2. To profile customer response and performance deciles.

    Based on the auto registration case, it may be possible to use overlay data for research purposes, and profiling would qualify as research. But, even if overlay data could not be used for profiling a Gains Chart, short telemarketing surveys could provide all the profiling data required, at a reasonable cost and perhaps with more accuracy.

3. To build new customer acquisition models to be used against response lists.

    For those not familiar with this application, the idea here is to append household level data to the names coming out of a merge purge of multiple response lists.

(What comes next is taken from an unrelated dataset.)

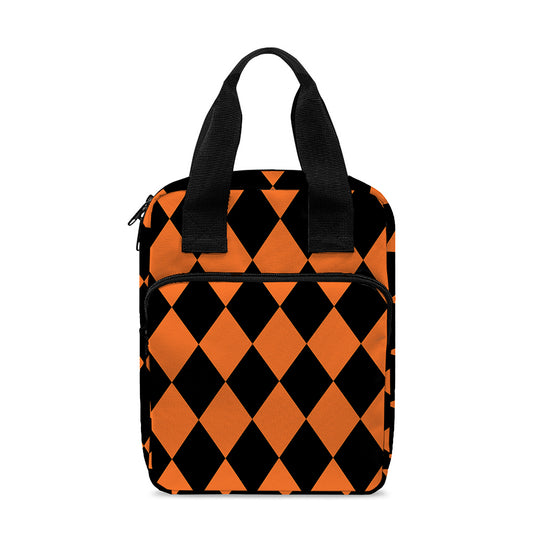 Halloween Harlequin Pattern Print Bible Tote Bag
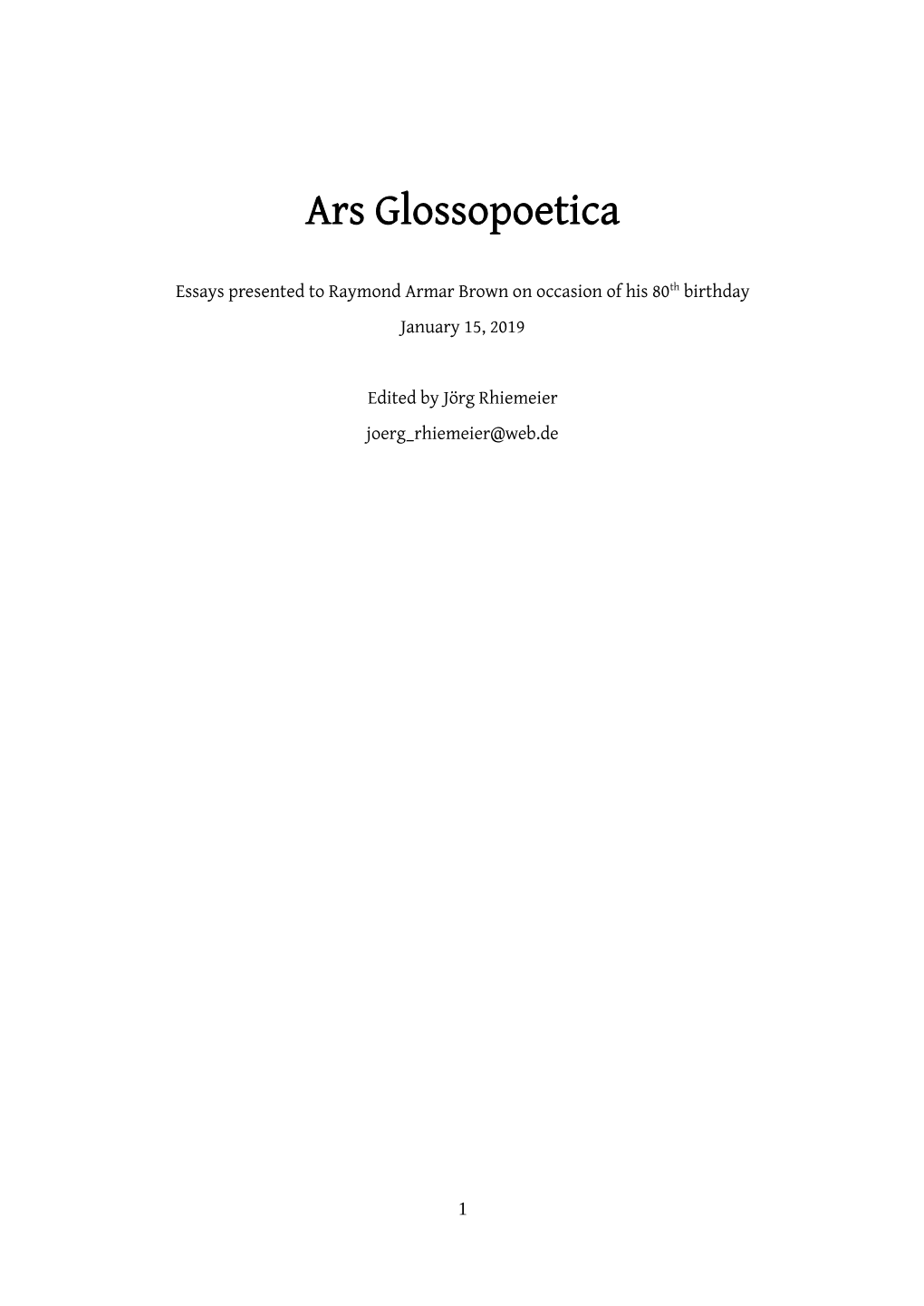 Ars Glossopoetica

    Then these names are scored using a model, built from prior mailings, that gives specific weights to the demographic variables contained in the model. Prospects with scores that are lower than some criteria (perhaps the bottom two deciles) are dropped from the promotion.

    This process is both time consuming and complicated. Time-consuming because the scoring and the suppression have to take place after the merge, and complicated because of a number of issues: (a) how will non-matched names be scores, (b) how will missing-data be handled within the matched population.

Some Alternatives

Working on the assumption that we will continue to have access to the detailed census data that is collected at the block group level and re-compiled at the zip plus 4 level, direct marketers should be able to build response and performance models that for all practical purposes (suppression of the bottom two or three deciles from a merged-purged set of prospects selected from response lists) are as effective as models built upon household level data. What’s more these zip or zip plus 4 models are much easier and much less expensive to implement than household level models. (List owners are sent selection or suppression tapes, prior to shipping their names to your merge-purge house.)

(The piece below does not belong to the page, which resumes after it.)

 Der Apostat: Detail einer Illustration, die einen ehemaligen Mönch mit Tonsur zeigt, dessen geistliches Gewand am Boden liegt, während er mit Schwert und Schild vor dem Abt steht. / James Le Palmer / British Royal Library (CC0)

Tips for Building Zip and Zip Plus 4 Models

There are two keys to building good models based on census data. The first has to do with variable creation, the second with technique.

Companies should build their own historical response and performance indices based on past promotions and customer behavior. Working at the Zip Plus 4 level its possible to build historical indices, or simply historical response and/or performance  rates, which can then be aggregated at either the 5 digit Zip Code level, the Sectional Center Level, or what’s frequently even better, indices or historical rates aggregated at a Prism or a MicroVision segment level. (Each commercial clustering scheme associates a demographic or lifestyle segment with a zip plus 4 code). These historical results are then treated as potential independent variables in your response or performance models. And, in our experience one or more of these historical variables will enter a model as one of the model’s most important variables.

For example, a response model we built for a continuity program (the model had a top decile lift of 270) contained only three variables and two of them were historical indices.  The third variable was a Principal Component Analysis (PCA) variable that compared each zip code’s educational level with the average educational level within the entire mailing population.  Which brings us back to the subject of modeling technique – the second component of good census data models.

If you’ve dealt with census data you know that while there are some 300 to 400 hundred census variables, there are only about 20 major categories of data, and the categories are presented as frequency distributions. For example, Education (a major Census Category) is made up of four separate Census Variables: (1) percent of population with less than a High School degree; (2) percent with a High School Degree; (3) percent with some College; (4) percent with a College degree, or more. In our experiences models built on individual census variables, as opposed to a PCA analysis of the census category, while much easier to build, are much less stable and produce poorer models.

So, what’s the bottom line. While we certainly don’t wish to see the demise of individual or household level overlay data for direct marketing purposes, should it happen, to one degree or another, if we’re smart and take advantage of the data and techniques at our disposable, we’ll be able to make up most if not all of the losses imposed upon us.